- [Required action] Could you write out, exactly as they stand, only the lines in the listing below from the line with "Vineyard on a" to the line with "Couveuse Automatique 12", both ends included, without the pictures?

- [Records for this exercise]
* * *

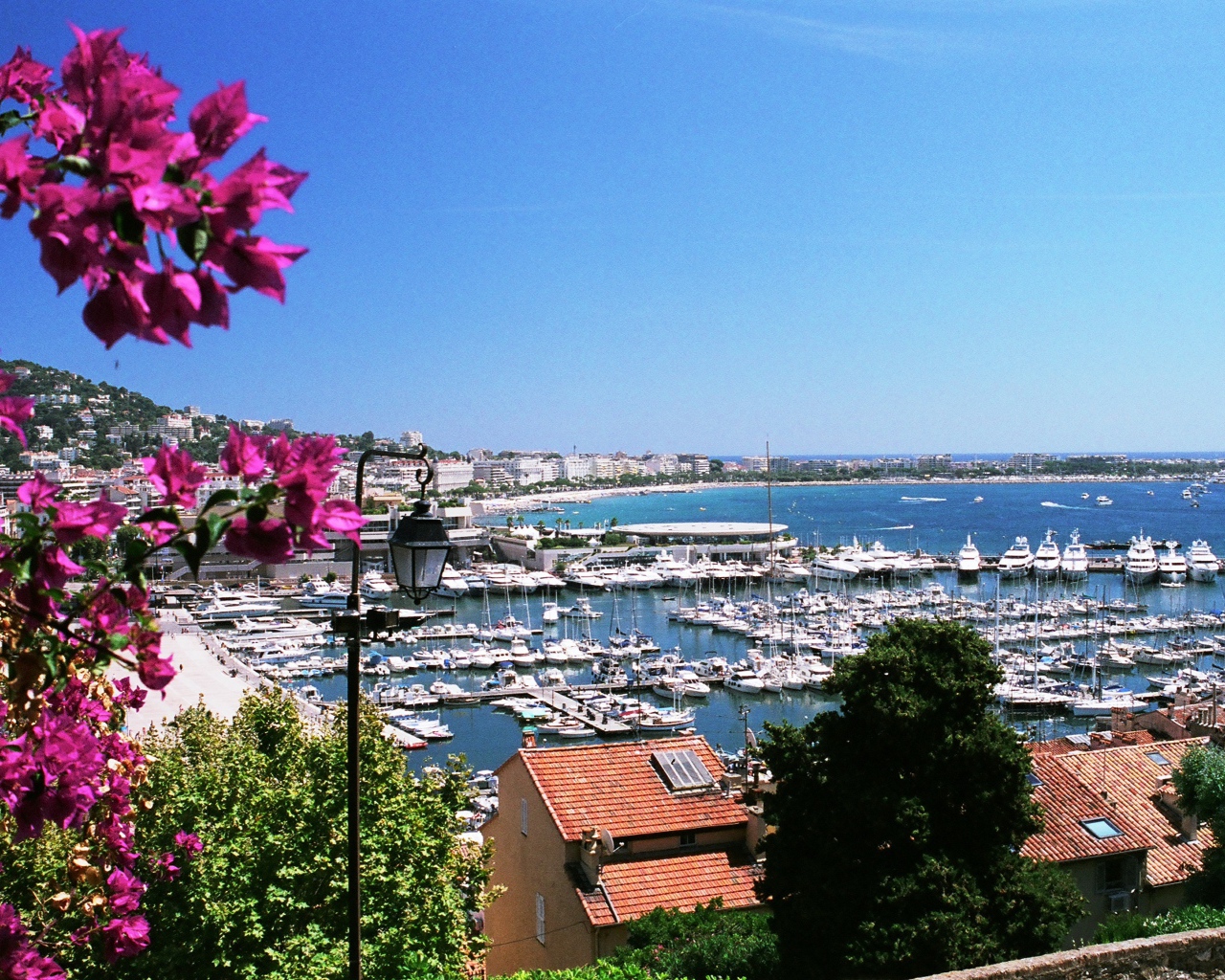 Цветы на фоне порта в Каннах, Франция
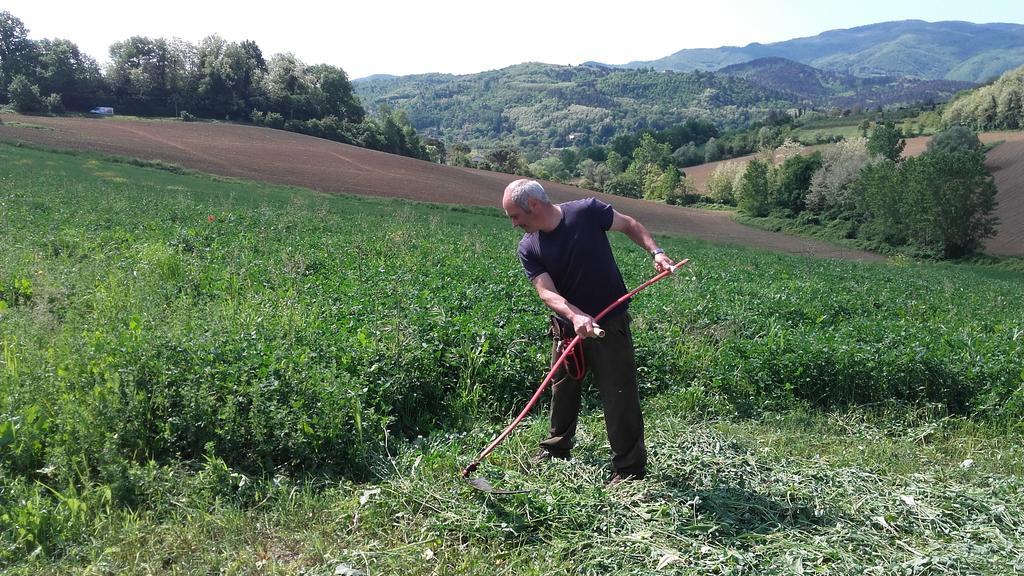 Agriturismo Stazione Di Monta Villa Vicchio Kültér fotó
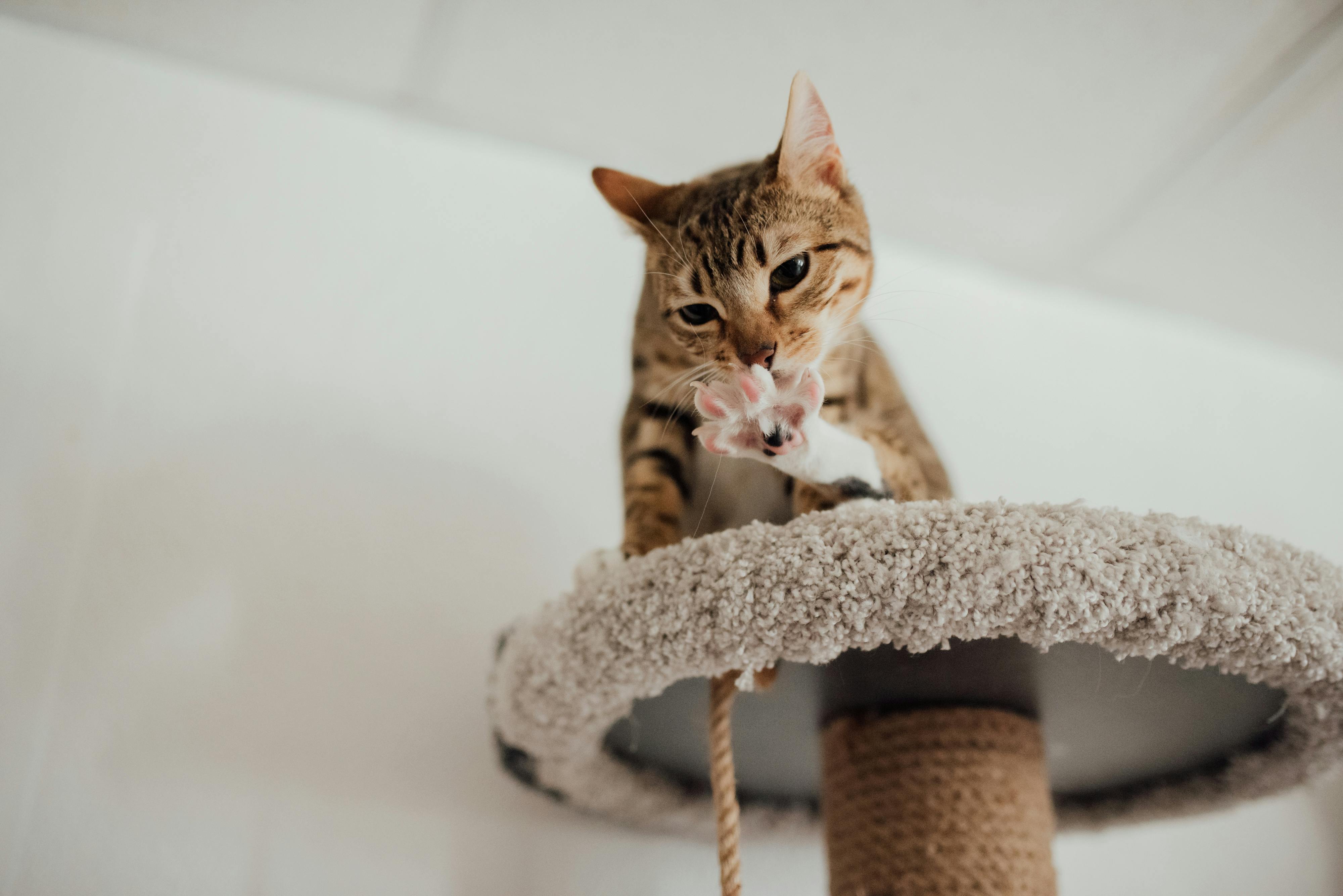 Top-7-des-produits-pour-améliorer-l-hygiène-de-votre-chat HappyTailShop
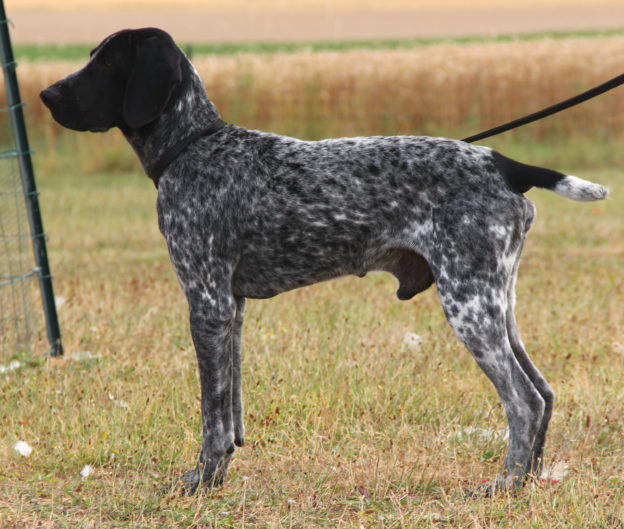 Braque d'Auvergne |LOF |Chasse |Elevage canin |Reproducteur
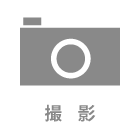 データ50カット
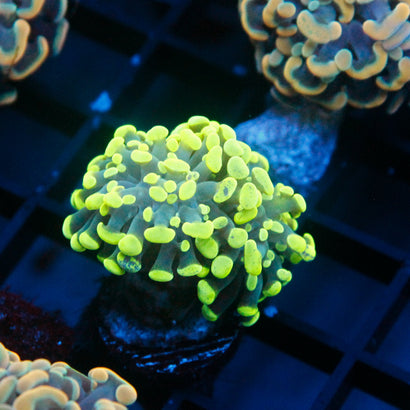 JC Neon Green Splatter Hammer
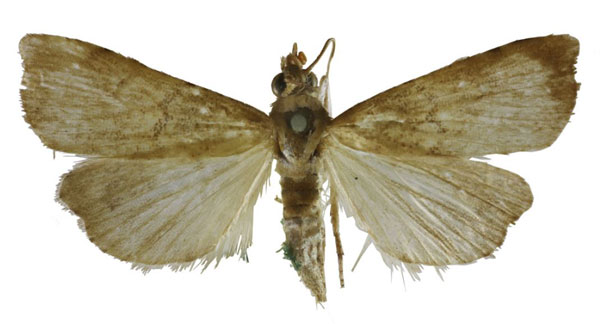 /filer/webapps/moths/media/images/B/beccarii_Ptychopseustis_HT_BMNH.jpg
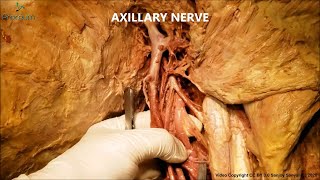 The Axillary Nerve dissection - Human Anatomy Cadaveric Dissection Videos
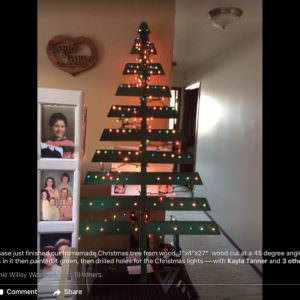 User Other Pallet Projects 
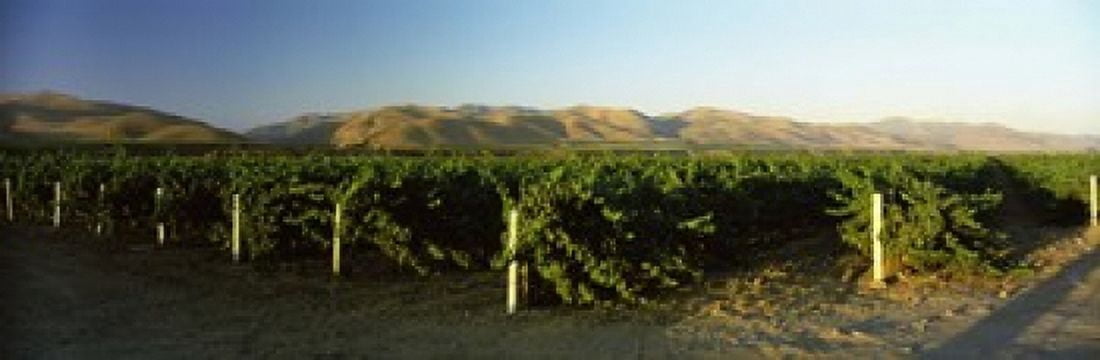Vineyard on a landscape Santa Ynez Valley Santa Barbara County California USA Canvas Art - Panoramic Images (18 x 6)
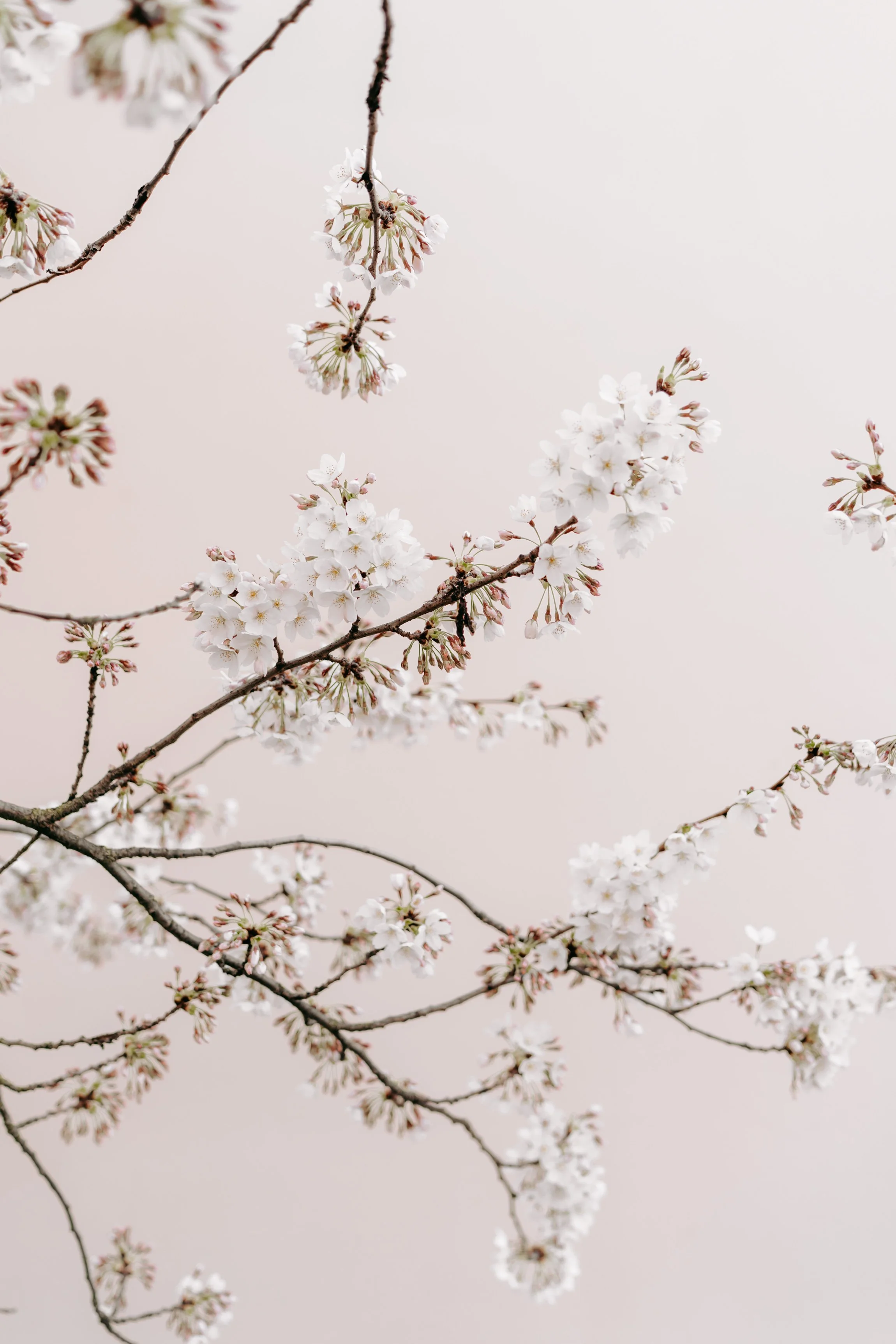 Cherry blossom branches with white flowers on a soft pink background.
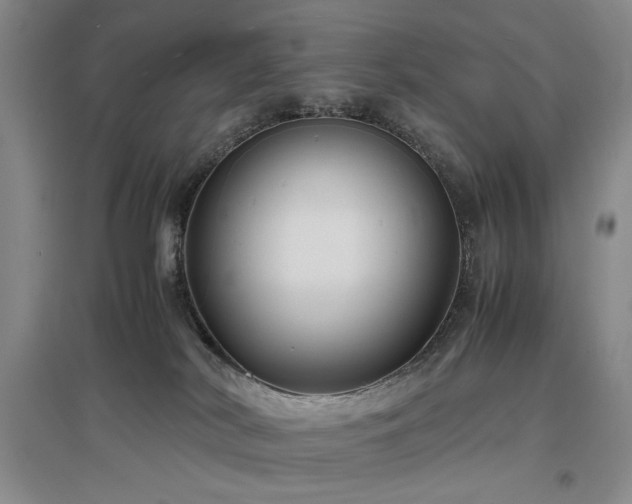 X0000097500038200802221454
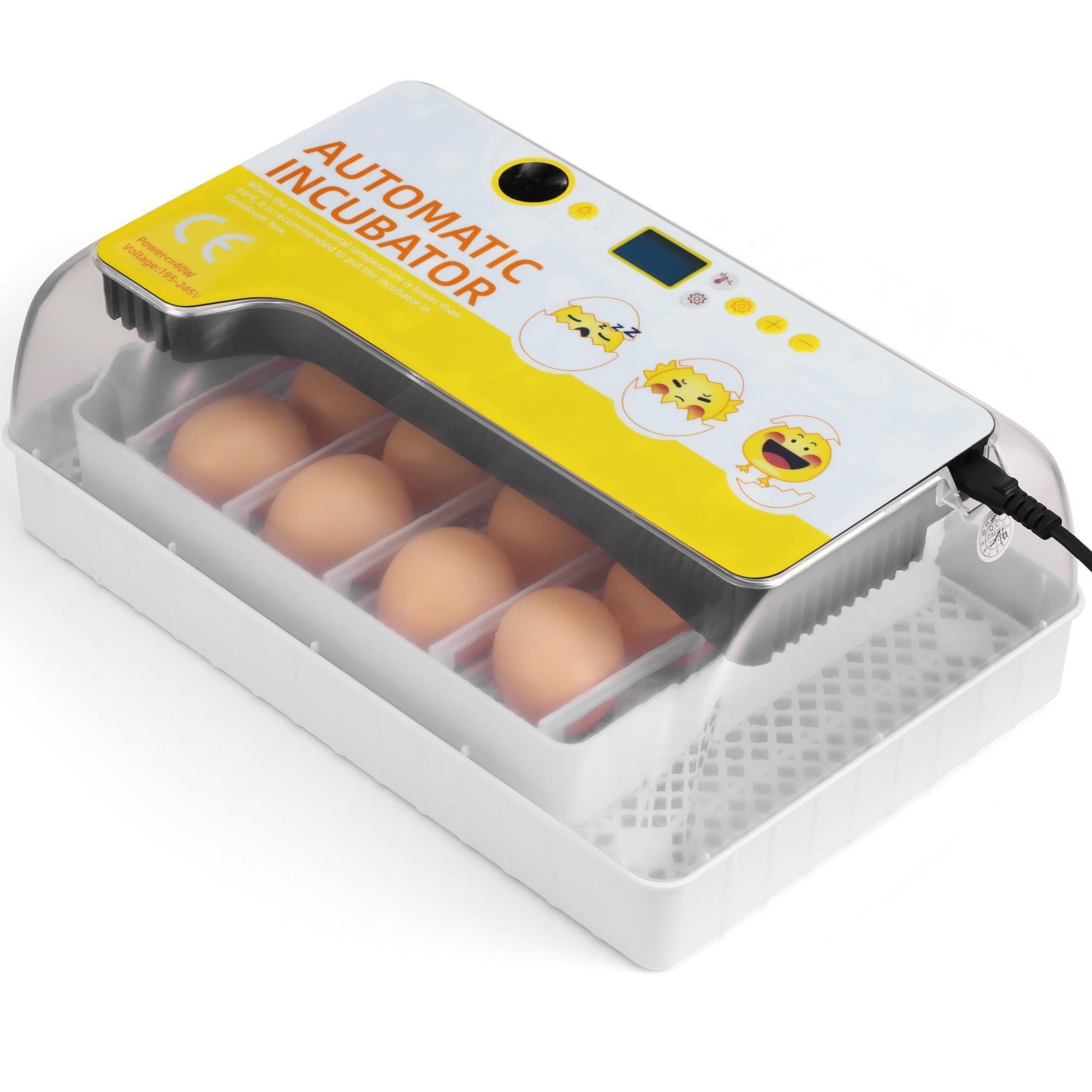 Couveuse Automatique 12 Oeufs Avec Mirage De LED Pour L'observation Des Oeufs - Incubateur Intelligent Numérique Pour Volaille - Contrôle De La Température - Blanc -Trixie || Flamingo Soldes Magasin AAHKMJXYDAFdJAOAIMEbOAchf9L3lWnVlqfwLHgeJwPlHatq4QdflIuXL330w15i2sryek6wbTEVa2mn6ChDs0C02hO5e4XOmcTl3GGujA9Pz jGMB5g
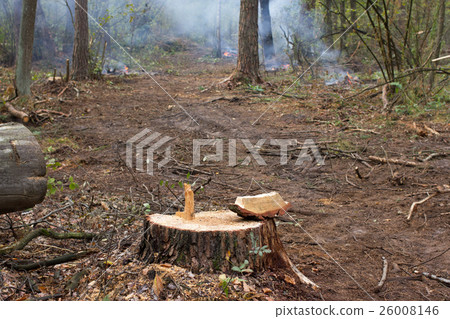Pine stump, result of tree felling. Total 26008146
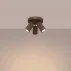 b2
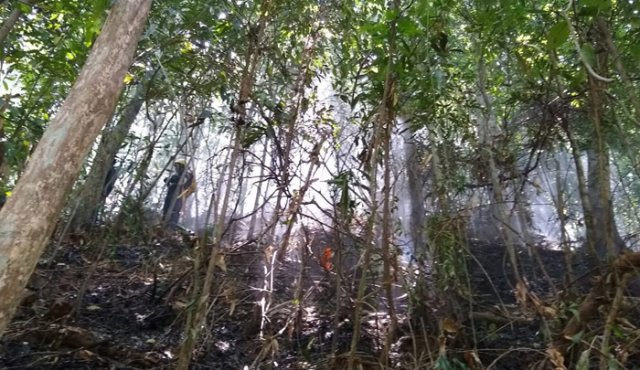 En El Zulia y Sardinata se han presentado los incendios más fuertes en lo corrido del presente año, con más de 80 hectáreas de bosque destruidas.
Cortesía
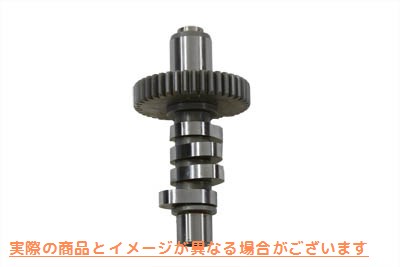 10-2890 アンドリュース #10 グラインドカム高性能 取寄せ Vツイン Andrews #10 Grind Cam High Performance (検索用／ Andrews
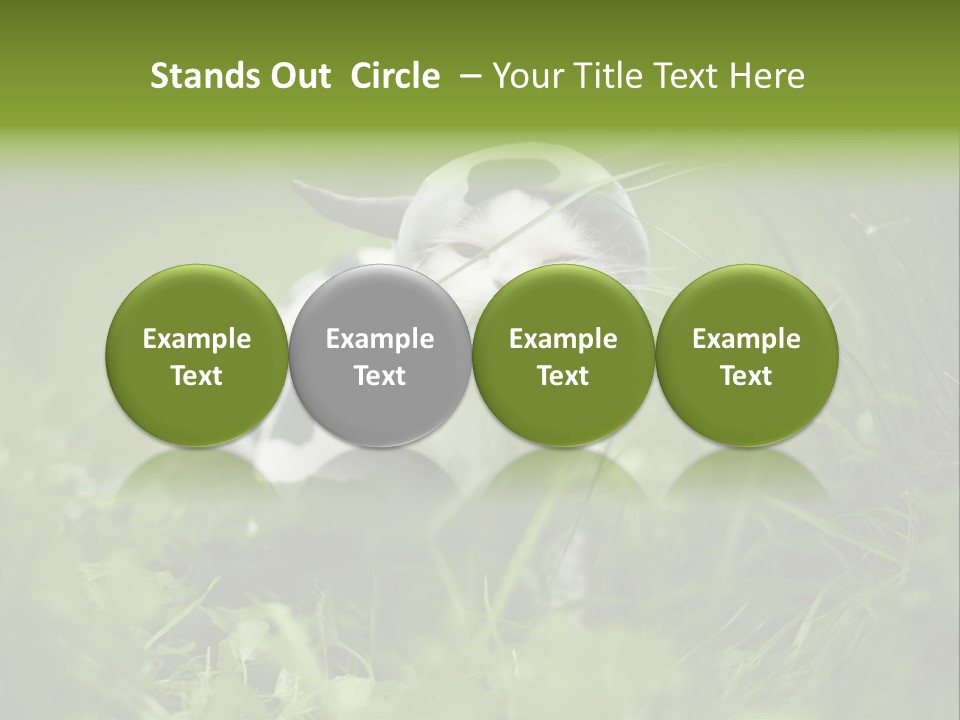 Horns Sheep White PowerPoint Template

* * *

- [Output of the task]
Vineyard on a landscape Santa Ynez Valley Santa Barbara County California USA Canvas Art - Panoramic Images (18 x 6)
 Cherry blossom branches with white flowers on a soft pink background.
 X0000097500038200802221454
 Couveuse Automatique 12 Oeufs Avec Mirage De LED Pour L'observation Des Oeufs - Incubateur Intelligent Numérique Pour Volaille - Contrôle De La Température - Blanc -Trixie || Flamingo Soldes Magasin AAHKMJXYDAFdJAOAIMEbOAchf9L3lWnVlqfwLHgeJwPlHatq4QdflIuXL330w15i2sryek6wbTEVa2mn6ChDs0C02hO5e4XOmcTl3GGujA9Pz jGMB5g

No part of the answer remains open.